Recorded data >>
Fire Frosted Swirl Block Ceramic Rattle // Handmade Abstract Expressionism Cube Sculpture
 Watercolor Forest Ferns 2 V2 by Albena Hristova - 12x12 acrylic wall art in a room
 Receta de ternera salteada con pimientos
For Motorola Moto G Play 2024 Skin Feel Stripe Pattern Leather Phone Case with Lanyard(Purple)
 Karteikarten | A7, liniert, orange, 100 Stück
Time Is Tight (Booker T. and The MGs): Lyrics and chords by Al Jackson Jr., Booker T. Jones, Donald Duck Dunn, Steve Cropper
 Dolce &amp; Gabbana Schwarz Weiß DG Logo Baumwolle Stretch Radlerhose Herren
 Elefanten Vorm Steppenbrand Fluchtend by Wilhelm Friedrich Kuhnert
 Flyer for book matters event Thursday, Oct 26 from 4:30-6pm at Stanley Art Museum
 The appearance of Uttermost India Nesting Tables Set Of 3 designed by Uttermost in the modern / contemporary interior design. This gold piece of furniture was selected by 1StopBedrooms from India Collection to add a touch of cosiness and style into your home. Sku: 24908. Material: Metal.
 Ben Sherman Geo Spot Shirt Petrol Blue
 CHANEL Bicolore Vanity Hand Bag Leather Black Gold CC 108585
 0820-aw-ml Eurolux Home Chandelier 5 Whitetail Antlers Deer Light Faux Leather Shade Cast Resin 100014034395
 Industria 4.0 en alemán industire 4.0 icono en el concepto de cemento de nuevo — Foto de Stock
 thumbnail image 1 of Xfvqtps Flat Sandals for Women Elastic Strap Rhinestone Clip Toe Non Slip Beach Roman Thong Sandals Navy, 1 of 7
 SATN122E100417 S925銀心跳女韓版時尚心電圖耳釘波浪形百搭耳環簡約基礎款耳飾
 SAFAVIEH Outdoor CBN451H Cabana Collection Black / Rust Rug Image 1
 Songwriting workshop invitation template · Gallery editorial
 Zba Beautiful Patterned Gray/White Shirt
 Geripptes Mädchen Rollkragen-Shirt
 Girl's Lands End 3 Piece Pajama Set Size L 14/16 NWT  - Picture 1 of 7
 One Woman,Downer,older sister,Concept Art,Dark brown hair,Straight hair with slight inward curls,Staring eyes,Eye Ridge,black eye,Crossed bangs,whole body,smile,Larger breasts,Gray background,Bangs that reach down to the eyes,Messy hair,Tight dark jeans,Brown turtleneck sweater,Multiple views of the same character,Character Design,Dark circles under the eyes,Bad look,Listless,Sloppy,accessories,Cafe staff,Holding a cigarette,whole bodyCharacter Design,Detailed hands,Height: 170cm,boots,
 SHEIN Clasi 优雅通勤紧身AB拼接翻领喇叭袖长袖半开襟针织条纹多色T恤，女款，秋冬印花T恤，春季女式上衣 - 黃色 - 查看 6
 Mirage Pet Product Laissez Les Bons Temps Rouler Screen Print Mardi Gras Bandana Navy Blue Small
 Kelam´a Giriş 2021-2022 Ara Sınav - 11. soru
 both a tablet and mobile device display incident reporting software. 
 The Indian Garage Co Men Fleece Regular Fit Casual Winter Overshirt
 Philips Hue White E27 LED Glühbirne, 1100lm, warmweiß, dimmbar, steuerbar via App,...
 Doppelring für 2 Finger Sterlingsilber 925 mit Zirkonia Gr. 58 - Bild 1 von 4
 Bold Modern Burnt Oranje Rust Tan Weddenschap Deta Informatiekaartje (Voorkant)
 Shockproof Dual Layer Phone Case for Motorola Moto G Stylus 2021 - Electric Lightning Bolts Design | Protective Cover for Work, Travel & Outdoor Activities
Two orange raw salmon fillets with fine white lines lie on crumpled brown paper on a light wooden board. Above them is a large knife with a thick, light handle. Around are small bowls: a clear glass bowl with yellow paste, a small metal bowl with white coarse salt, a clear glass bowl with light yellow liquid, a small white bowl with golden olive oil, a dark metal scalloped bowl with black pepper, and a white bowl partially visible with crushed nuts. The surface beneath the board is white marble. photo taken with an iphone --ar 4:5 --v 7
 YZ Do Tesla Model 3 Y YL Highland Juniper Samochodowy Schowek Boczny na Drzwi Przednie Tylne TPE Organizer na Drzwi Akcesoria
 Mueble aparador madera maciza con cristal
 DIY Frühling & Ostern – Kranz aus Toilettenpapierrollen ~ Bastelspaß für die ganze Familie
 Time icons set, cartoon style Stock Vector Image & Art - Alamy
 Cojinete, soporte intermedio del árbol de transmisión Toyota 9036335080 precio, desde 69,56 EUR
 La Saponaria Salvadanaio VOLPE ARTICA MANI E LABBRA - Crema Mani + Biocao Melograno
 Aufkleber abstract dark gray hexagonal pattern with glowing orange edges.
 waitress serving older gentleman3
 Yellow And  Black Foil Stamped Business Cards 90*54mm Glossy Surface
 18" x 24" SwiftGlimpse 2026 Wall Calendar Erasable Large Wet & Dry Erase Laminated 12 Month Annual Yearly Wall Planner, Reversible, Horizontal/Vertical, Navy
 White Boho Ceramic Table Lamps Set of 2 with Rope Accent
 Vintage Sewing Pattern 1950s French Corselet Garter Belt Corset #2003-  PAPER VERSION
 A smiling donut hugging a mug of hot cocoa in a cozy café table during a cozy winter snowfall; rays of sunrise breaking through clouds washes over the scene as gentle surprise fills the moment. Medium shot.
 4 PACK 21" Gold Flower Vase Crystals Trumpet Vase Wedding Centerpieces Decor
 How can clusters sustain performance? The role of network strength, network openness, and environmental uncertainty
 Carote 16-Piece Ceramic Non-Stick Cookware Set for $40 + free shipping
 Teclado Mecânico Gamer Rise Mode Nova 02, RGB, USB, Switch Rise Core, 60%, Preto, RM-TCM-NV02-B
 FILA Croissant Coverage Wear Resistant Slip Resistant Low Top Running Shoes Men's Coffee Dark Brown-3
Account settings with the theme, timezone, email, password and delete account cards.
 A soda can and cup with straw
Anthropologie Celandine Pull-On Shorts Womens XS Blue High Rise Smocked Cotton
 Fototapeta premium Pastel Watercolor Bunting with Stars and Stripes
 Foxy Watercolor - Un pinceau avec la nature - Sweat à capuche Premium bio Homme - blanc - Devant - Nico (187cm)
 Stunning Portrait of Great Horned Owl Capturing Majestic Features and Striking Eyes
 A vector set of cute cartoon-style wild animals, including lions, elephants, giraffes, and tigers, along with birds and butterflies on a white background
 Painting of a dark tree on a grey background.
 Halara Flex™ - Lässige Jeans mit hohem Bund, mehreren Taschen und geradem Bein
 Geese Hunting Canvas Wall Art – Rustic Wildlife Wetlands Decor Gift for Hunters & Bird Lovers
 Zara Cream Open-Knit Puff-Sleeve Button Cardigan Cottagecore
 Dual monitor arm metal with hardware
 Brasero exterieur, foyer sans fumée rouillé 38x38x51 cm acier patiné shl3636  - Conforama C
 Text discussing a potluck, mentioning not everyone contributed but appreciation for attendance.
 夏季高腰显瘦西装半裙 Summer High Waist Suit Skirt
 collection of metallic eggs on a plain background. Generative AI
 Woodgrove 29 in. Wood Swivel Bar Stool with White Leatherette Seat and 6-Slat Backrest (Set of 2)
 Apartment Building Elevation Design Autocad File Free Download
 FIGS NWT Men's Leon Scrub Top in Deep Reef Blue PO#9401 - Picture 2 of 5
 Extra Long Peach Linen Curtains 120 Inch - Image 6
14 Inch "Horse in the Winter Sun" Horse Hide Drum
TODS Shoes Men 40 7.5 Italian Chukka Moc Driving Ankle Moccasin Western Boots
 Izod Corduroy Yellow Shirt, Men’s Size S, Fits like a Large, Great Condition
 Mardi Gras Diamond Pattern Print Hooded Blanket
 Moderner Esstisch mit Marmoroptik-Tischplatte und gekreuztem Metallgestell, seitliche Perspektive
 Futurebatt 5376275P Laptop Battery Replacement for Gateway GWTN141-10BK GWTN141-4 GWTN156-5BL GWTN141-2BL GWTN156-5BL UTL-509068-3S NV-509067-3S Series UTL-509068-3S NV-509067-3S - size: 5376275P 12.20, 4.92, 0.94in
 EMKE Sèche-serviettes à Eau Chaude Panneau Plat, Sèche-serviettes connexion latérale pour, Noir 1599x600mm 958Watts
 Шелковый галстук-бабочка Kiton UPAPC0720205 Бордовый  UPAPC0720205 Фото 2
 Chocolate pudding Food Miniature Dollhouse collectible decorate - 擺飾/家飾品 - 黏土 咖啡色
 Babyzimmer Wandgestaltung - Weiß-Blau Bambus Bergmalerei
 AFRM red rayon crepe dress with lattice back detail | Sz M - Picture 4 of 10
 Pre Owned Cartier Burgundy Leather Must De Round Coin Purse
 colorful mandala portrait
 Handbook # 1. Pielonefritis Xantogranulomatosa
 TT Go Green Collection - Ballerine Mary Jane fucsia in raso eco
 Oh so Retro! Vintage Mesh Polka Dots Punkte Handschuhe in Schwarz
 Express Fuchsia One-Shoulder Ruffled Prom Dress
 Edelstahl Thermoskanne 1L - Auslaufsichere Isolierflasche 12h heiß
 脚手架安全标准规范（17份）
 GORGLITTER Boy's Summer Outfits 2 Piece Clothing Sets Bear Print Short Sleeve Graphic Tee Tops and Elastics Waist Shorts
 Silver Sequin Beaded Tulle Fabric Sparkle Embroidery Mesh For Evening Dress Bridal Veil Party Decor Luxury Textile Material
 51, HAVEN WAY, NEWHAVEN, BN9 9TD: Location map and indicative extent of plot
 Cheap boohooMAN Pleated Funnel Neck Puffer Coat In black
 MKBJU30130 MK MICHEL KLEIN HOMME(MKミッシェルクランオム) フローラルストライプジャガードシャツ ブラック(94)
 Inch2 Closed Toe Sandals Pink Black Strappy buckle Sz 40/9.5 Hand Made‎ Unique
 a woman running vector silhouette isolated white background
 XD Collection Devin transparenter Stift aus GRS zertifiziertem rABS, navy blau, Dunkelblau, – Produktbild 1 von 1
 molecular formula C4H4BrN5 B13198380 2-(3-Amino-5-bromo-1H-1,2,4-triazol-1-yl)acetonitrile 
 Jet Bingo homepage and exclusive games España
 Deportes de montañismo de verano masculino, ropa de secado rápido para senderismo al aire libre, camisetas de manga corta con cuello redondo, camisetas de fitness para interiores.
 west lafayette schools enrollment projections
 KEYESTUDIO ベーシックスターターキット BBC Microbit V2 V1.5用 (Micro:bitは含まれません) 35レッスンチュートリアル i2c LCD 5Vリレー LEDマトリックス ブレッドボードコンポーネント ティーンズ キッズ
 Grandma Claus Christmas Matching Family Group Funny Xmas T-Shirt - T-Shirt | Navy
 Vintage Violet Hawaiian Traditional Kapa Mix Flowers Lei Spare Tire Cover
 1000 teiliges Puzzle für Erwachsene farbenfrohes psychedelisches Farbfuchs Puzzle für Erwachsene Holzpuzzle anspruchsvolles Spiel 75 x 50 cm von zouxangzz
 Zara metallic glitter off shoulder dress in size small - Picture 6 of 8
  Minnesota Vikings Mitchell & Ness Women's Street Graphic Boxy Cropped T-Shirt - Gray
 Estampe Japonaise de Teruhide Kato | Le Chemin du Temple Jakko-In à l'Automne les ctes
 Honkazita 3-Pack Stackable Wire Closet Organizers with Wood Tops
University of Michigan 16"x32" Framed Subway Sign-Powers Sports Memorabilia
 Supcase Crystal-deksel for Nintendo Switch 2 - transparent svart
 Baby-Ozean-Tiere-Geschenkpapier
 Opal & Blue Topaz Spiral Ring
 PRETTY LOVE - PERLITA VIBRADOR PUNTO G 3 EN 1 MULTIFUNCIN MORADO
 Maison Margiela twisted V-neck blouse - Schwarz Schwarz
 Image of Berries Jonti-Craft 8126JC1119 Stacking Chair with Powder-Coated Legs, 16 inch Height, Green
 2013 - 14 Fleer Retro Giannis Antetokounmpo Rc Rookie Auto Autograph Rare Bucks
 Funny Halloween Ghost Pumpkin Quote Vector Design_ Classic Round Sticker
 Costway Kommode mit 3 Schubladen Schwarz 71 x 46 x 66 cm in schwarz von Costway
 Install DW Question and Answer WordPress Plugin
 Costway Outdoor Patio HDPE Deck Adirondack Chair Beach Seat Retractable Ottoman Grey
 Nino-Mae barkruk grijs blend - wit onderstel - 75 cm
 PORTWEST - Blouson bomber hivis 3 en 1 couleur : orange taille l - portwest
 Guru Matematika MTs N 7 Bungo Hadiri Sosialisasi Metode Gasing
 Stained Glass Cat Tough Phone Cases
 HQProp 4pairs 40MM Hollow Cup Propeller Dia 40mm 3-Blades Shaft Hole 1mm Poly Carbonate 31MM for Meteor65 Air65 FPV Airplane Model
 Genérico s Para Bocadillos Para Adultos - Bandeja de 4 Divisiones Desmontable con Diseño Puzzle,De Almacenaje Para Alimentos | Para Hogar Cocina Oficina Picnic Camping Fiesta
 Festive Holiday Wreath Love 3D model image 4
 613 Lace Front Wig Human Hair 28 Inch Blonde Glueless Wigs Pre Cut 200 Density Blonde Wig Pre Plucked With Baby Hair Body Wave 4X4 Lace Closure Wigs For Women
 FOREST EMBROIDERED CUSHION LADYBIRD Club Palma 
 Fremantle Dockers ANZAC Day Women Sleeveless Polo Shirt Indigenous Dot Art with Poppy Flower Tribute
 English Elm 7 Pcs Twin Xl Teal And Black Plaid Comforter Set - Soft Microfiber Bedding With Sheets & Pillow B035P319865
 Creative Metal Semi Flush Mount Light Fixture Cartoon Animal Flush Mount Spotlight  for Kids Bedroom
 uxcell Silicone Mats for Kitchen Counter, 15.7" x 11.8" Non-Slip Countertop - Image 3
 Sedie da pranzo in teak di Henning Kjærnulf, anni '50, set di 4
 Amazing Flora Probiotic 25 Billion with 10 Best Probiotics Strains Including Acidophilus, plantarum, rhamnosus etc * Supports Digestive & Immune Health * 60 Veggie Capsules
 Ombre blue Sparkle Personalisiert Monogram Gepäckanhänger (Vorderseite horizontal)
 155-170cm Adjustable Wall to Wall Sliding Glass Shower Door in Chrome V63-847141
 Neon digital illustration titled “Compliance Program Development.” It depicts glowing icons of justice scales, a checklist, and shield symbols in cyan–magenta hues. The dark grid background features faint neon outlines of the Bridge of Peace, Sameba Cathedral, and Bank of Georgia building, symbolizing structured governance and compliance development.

What to produce >> Given the records above, reproduce precisely and only the lines between the line holding "Genérico s Para" and the line holding "English Elm 7", inclusive.

Task solution >>
 Genérico s Para Bocadillos Para Adultos - Bandeja de 4 Divisiones Desmontable con Diseño Puzzle,De Almacenaje Para Alimentos | Para Hogar Cocina Oficina Picnic Camping Fiesta
 Festive Holiday Wreath Love 3D model image 4
 613 Lace Front Wig Human Hair 28 Inch Blonde Glueless Wigs Pre Cut 200 Density Blonde Wig Pre Plucked With Baby Hair Body Wave 4X4 Lace Closure Wigs For Women
 FOREST EMBROIDERED CUSHION LADYBIRD Club Palma 
 Fremantle Dockers ANZAC Day Women Sleeveless Polo Shirt Indigenous Dot Art with Poppy Flower Tribute
 English Elm 7 Pcs Twin Xl Teal And Black Plaid Comforter Set - Soft Microfiber Bedding With Sheets & Pillow B035P319865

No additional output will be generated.